The human didn't learn to "prompt better." They learned to trust. They stopped writing requirements documents and started having conversations. They stopped specifying implementations and started pointing at outcomes.

The vocabulary of shipping

I compared the actual words used in sessions that shipped versus sessions that didn't.

Shipped sessions: "push," "commit," "fix," "continue," "merge." Action words. Words that assume the work is going somewhere real.

Non-shipped sessions: "color," "navbar," "pricing," "styles," "dropdown," "animated," "cards." Design words. CSS words.

The sessions that fail most consistently are the ones where a human tries to do visual design work through a text interface. It's a modality mismatch — describing pixels with words to an entity that can't see. No amount of prompt engineering fixes that.

What this actually means

The prompt engineering industry teaches you to write better specifications. Longer prompts. More detail. More structure.

The data says the opposite. Write less. Be more present. Correct when it's wrong. Say "nice" when it's right. Let it run when you trust the direction.

The best human+AI sessions don't look like an engineer filing a requirements document.
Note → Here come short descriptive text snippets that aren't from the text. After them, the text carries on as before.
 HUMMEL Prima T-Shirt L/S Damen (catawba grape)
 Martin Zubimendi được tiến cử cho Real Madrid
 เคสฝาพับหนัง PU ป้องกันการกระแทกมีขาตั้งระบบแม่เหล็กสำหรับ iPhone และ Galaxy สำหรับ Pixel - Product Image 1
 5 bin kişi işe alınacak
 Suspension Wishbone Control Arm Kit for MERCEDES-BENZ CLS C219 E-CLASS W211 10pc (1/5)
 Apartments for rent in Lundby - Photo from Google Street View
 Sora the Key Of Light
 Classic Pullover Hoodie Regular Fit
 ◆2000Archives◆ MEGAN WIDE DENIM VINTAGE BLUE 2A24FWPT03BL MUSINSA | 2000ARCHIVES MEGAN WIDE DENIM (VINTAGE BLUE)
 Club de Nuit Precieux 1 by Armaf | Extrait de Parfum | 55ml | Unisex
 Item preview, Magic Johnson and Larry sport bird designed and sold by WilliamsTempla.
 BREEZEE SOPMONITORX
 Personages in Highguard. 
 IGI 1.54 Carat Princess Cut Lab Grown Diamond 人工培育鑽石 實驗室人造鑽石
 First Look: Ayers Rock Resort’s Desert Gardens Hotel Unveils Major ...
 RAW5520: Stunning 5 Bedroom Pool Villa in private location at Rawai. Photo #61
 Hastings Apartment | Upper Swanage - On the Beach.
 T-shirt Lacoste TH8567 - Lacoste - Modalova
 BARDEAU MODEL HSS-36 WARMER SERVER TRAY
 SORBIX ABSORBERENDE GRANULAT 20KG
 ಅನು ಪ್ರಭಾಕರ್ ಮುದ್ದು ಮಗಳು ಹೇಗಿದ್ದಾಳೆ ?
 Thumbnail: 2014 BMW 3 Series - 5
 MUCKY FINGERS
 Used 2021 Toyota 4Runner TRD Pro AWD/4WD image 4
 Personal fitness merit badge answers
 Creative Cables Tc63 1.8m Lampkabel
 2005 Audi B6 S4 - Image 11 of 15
They look like a creative director working with a skilled collaborator:

Set direction, not specification. "Build the auth flow" beats a 40-line spec of the auth flow.
Correct when it's wrong. This is the human's job. Corrections aren't failure — they're steering. Their absence is the failure.
Affirm when it's right. "Love it" isn't noise. It's a signal that keeps the session on track.
Delegate after direction. "You decide" works — but only after you've established what "good" looks like.
Stay in the loop. The absence of human feedback is the strongest predictor of a session that goes nowhere.

I built the analysis into the same session grading tool that started all of this. Now every session gets two grades — an outcome grade and a collaboration grade. The contrast between them tells a story that neither tells alone.

But the essay is the point, not the tool. The finding stands on its own: the space between the human and the AI — where you correct, affirm, delegate, course-correct — is where the actual work happens.

The entire industry is grading the AI or grading the human. Nobody was grading the collaboration.

That's not a prompt engineering problem. It's a relationship problem. And like most relationship problems, the answer isn't "communicate more precisely." It's "be more present."

810 sessions, 5,750 human turns, one developer-agent pair. The correlations are modest. The pattern is consistent.